I had an aha! moment today that was life-changing.
All the hairs on my body stood on end as if I had had an electric current flow through me. Maybe it was more like a fork in the electric socket moment. Whatever. It definitely woke me up.
I came to the realization that a large part of the reason my husband and I have been at odds has been because everything is fine. That probably sounds really dumb, but hear me out…
When my husband and I met, I was only recently separated from my ex. I wasn’t looking for love. It started online—we didn’t know each other. We just knew people who knew each other and so it was recommended that we should be friends.
At first, I was nothing more than super physically attracted to him. He had that edgy thing going for him. My friend told me that he was nice, funny, but just not for her. So it began.
At first we just scoped out each others pages and talked about common interests. After messaging for a couple weeks though he wanted to meet me.
It so happened that this was the point in time when the greatest tragedy I had known would unfold. I picked up the phone one morning to hear my best friend on the other end, but there was no life on the line.
Her son had been shot and killed.
The world came to a screeching halt.
I spent days on end walking with her through the greatest hell a mother can ever know. Sleeping on the floor next to her, sleeping on the couch just to be there when she would wake up crying, realizing that it hadn’t been just a bad dream.
I became distant and vague with the new guy, not wanting to share a story that wasn’t mine to share. Until one night when I was sitting on the porch with my friend. She asked me to do her a favor.
She asked me to meet him for dinner. She told me life was too short and I had waited too long to be happy. I mustered all of the courage I had and obliged.
The favor my friend asked of me was vulnerability.
She asked me to put aside everything I had just been through in an abusive marriage and take a chance for her that she knew I wouldn’t take on my own. He ended up being the love of my life, and I never would have known that if it had not been for vulnerability.
Vulnerability, it turns out, is the key to life’s greatest joys.
I’m of the opinion that because we live in a world where tragedies unfold everyday, we’ve all become desensitized to tragedy without realizing that we are also allowing ourselves to be desensitized to joy.
We put up impenetrable walls to guard ourselves. We write our safety laws, rules and regulations upon them. “Do Not Enter” the sign reads. Proceed with caution. Beware of the raving bitch. Do not look at the man behind the curtain.
These walls do not need to exist.
Since the first moments of my husband and my’s relationship, there have been people and circumstances we have struggled to deal with. It is truly remarkable how many times our hearts could be broken without our actually dying.
Even though we always made it through, we had also conditioned ourselves to be prepared for the next obstacle. We knew to turn to each other when it happened, but when nothing happened rather than accept the joy and space, we prepared ourselves for the next struggle. Because of this, we’ve been missing out on the joy of this beautiful, precious life we had made together. Right here, right now.

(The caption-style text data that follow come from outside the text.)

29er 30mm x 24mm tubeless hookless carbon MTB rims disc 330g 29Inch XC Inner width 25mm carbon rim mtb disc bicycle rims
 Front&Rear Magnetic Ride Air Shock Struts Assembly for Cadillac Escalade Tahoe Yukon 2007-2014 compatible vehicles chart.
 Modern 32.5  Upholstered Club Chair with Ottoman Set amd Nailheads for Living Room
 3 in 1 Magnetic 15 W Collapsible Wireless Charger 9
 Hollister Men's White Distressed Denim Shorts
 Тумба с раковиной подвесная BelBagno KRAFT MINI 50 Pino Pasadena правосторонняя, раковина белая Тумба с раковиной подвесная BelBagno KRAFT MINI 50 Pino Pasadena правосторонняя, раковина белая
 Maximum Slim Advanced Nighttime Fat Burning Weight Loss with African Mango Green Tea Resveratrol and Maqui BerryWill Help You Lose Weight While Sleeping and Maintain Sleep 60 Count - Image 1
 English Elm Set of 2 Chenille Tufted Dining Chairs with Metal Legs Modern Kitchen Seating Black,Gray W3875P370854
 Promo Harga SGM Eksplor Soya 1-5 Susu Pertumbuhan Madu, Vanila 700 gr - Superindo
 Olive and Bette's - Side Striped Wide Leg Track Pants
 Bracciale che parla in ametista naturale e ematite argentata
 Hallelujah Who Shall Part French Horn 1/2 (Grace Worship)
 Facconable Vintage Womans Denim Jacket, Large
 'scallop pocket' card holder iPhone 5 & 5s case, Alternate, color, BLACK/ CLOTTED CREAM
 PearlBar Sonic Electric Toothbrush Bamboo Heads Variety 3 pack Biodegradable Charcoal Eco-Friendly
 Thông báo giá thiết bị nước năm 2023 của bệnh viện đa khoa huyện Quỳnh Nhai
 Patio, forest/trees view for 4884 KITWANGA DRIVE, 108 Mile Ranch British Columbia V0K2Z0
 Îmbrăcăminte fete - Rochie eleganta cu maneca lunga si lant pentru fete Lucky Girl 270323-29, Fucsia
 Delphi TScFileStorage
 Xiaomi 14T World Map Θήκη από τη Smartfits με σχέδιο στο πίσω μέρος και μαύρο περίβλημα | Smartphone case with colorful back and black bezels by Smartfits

So I’ve decided I’m submitting myself, to him, to us. Screw hell and high water, come unspeakable joy and overwhelming sunny days, I want it all. I won’t wait for the other shoe to drop. I’m going to throw caution to the wind, be completely vulnerable, make a total ass of myself and I’m going to love every second of it.
As my friend asked of me, I ask of you. Be vulnerable.
Be aware of the space it brings, respect it, and instead of letting all the “could’s” and “should’s” stop you, recognize the chance that vulnerability gives you to fully experience life.
We cannot know what happiness awaits you until we take the chance, whole heartedly. You’ve waited long enough. It’s never too soon to be happy, my friend.